Thursday, January 03, 2019

Why do organisations fail to achieve business agility?

Recently I was asked to participate in an Interview Series by Noopur Pathak of Innovation Roots, an Agile consultancy based in Bengaluru and several other cities. One of the questions she asked me was why organisations fail to achieve business agility.
Here's an excerpt from my reply.

 Do you want to be agile?

There are many more reasons organisation fail to become agile than there are to succeed, but the first question to ask organisations is what they want to achieve. Is business agility one of those things? Because if you are in a very stable situation and you have very stable business, agility isn’t necessarily on the priority list of what must be achieved.

On the other hand, nearly all organisations – including those in industries we consider most stable, where nothing seems to have changed in decades – face the disruption of new ways of doing business, and innovators entering into their markets. It means everybody must think about the need to change… the need to change fast. Remember: “It’s not the big fish that eat the small ones, it’s the fast that eat the slow!” If your organisation is slow, there is a good chance that your competitors or new entrants into the market will disrupt it and take market share.

So the first question is, “Is agility an aim for the organisation?” If it isn’t, you won’t achieve it. If you realise that you do need to become agile, there are still many reasons why you may fail.

A failure to plan

For example, you need to plan to become more agile (more able to respond rapidly to changing market conditions), and you need to invest in those plans. If you want to encourage innovation, you need to communicate that goal to staff and show how you will reward it. Traditional command and control approaches to managing business, and fixed long-term goals, won’t work, particularly if disruptors are already entering your market and introducing new ways of working more successfully than you are. You have to think about the way the organisation can empowers its staff, and allow them to think differently, to try new things in a safe-to-fail manner. That allows the organisation to discover different ways of working. Agility comes from the chosen strategy of an organisation, and from its leaders’ ability to communicate and encourage staff to implement that strategy.

It's not just IT

When people say the word “Agile”, they are often only thinking about it in the context of software development. That software is important to business agility is not in question. Software has “eaten the world,” it is the driver for business transformation, it is the foundation of digital solutions. The way you create software, and the way you plan, manage and finance software development is crucial if you want to achieve business agility. However, I encourage leadership teams to consider first why they want to achieve business agility, and what it involves in terms of the changes needed in their organisation. Then they can start planning, not only how it will change software development, but also every other area of the business. Each area, just like the software teams, must invest in new ways of doing business, must try multiple things to see what works; must act before knowing if it will work, learning from failures and exploiting successes. Rather than waiting for the fully developed ideas – the big up-front plans with every component costed and all outcomes forecast, the big implementation and the big-bang delivery – smaller steps and more learning on the journey is essential.

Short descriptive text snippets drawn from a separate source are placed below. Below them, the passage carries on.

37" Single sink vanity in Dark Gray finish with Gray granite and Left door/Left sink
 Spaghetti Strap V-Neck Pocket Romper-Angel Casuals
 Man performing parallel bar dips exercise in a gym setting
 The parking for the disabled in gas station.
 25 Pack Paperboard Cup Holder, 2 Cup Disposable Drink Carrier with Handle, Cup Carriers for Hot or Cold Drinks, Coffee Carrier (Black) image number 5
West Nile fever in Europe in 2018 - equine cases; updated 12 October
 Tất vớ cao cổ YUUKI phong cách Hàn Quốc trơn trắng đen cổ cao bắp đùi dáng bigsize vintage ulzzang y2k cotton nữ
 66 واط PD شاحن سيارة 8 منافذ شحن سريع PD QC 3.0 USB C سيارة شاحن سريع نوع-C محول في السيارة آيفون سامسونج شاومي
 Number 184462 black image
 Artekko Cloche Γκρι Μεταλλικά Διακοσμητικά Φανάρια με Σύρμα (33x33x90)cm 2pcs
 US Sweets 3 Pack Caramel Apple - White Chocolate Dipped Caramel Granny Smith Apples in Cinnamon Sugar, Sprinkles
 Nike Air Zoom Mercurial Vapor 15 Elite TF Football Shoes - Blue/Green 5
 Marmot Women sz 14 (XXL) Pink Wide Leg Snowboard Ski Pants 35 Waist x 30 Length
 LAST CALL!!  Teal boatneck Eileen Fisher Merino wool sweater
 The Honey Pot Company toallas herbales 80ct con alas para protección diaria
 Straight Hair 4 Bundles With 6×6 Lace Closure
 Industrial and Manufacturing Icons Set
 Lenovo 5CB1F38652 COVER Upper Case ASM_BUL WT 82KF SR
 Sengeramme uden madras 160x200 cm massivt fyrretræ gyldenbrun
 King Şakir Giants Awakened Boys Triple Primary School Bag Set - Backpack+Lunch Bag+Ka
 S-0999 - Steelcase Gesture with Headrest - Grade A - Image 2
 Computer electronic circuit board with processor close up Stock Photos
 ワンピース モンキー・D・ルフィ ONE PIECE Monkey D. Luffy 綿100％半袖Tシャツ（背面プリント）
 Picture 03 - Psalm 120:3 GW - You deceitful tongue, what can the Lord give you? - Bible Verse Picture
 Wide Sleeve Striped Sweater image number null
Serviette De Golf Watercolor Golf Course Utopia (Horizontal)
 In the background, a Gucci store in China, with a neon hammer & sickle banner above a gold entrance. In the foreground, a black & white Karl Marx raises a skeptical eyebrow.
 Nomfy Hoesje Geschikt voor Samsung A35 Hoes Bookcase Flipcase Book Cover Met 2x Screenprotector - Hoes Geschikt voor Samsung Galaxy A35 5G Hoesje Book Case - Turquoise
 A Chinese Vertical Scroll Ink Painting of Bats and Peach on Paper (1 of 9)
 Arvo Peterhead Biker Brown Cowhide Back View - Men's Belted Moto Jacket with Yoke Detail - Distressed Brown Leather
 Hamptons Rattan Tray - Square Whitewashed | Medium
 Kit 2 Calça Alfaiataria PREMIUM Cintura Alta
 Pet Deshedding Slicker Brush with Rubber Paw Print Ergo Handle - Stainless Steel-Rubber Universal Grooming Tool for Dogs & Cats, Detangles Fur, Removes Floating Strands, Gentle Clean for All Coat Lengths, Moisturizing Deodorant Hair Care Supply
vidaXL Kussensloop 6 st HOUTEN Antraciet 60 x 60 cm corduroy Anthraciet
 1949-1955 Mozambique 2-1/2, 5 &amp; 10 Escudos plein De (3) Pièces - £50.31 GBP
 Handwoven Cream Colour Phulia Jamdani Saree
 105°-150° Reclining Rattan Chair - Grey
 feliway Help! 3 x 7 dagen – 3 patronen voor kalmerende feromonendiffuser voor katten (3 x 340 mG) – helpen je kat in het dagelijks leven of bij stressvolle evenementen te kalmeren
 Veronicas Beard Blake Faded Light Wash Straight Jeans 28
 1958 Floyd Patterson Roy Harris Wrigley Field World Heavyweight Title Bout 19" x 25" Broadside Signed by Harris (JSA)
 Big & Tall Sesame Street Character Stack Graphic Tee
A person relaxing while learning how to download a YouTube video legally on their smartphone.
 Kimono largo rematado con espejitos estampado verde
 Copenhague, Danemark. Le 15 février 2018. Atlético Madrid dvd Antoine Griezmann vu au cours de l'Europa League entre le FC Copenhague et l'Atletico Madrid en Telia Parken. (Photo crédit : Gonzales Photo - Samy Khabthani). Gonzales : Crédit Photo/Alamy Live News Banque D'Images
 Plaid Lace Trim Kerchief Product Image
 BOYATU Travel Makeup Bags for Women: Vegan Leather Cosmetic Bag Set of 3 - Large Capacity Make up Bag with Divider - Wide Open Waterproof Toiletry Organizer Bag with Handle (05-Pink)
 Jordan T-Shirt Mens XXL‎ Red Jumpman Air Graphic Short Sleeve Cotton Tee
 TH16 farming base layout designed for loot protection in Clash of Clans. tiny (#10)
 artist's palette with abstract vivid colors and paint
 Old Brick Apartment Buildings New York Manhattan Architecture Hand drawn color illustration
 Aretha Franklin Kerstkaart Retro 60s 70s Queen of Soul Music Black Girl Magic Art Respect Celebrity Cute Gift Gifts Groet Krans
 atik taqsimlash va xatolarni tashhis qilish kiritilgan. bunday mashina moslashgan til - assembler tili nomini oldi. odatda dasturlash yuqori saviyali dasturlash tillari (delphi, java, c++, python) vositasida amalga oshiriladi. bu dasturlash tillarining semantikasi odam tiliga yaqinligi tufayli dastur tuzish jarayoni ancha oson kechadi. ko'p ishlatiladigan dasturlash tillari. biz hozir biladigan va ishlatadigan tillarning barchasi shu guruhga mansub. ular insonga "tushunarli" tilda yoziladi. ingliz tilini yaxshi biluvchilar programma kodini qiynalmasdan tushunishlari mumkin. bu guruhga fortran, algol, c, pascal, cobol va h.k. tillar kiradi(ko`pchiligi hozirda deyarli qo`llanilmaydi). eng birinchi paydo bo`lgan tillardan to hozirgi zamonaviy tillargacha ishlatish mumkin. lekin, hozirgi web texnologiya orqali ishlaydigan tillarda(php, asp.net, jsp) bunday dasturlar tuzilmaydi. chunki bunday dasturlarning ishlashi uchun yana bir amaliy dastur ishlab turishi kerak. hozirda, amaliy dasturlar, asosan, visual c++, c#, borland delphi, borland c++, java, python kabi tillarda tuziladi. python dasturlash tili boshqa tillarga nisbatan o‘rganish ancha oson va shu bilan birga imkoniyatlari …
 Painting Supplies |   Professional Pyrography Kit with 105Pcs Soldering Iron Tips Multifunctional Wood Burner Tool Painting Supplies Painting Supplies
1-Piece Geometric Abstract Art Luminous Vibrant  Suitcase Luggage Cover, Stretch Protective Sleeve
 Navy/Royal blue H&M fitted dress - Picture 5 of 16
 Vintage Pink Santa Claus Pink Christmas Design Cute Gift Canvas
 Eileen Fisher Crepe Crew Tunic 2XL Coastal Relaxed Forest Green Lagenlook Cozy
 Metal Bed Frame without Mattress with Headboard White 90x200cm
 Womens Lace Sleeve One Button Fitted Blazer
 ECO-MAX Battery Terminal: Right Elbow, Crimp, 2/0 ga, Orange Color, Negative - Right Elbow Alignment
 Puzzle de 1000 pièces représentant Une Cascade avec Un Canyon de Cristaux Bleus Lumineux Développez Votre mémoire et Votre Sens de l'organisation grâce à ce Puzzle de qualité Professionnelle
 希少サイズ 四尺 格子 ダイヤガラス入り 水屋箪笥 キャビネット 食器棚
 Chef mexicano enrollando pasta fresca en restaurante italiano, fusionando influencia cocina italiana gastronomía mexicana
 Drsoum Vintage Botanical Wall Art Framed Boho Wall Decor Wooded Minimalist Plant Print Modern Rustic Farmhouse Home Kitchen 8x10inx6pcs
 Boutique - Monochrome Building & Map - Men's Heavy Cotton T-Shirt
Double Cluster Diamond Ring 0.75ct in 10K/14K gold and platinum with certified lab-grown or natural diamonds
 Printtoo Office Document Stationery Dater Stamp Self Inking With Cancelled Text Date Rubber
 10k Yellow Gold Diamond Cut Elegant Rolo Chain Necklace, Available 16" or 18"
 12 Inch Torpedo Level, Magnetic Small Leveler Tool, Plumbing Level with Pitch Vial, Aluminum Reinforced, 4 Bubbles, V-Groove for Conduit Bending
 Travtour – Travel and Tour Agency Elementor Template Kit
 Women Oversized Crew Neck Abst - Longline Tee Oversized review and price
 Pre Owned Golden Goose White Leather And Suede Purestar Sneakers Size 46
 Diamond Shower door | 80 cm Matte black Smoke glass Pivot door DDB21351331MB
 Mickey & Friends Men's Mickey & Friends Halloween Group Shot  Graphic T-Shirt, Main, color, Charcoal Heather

These are strategies for moving faster than your competitors and ensuring survival in rapidly moving markets. That’s why business agility is important. It answers the existential question of how we survive in this rapidly changing world, where organisations can quickly discover they are no longer fit for the new competitive landscape.

Back to some of the reasons for failure to achieve business agility:
  • Not wanting it
  • Wanting, but not planning for it
  • Planning, but not investing in it
  • Not seeing through the changes
  • Not dealing with the negative consequences of innovation in the organisation – not ensuring there is safety in both failed experiments, and successful ones that disrupt existing parts of the business. 

There is no formula

One other thing. People think there is some magic method or strategy or formula that makes organisations agile. There are principles to learn, but there is no formula. Applying those principles in the unique context of your business, your market and your people – and helping your people to innovate – is where business agility comes from.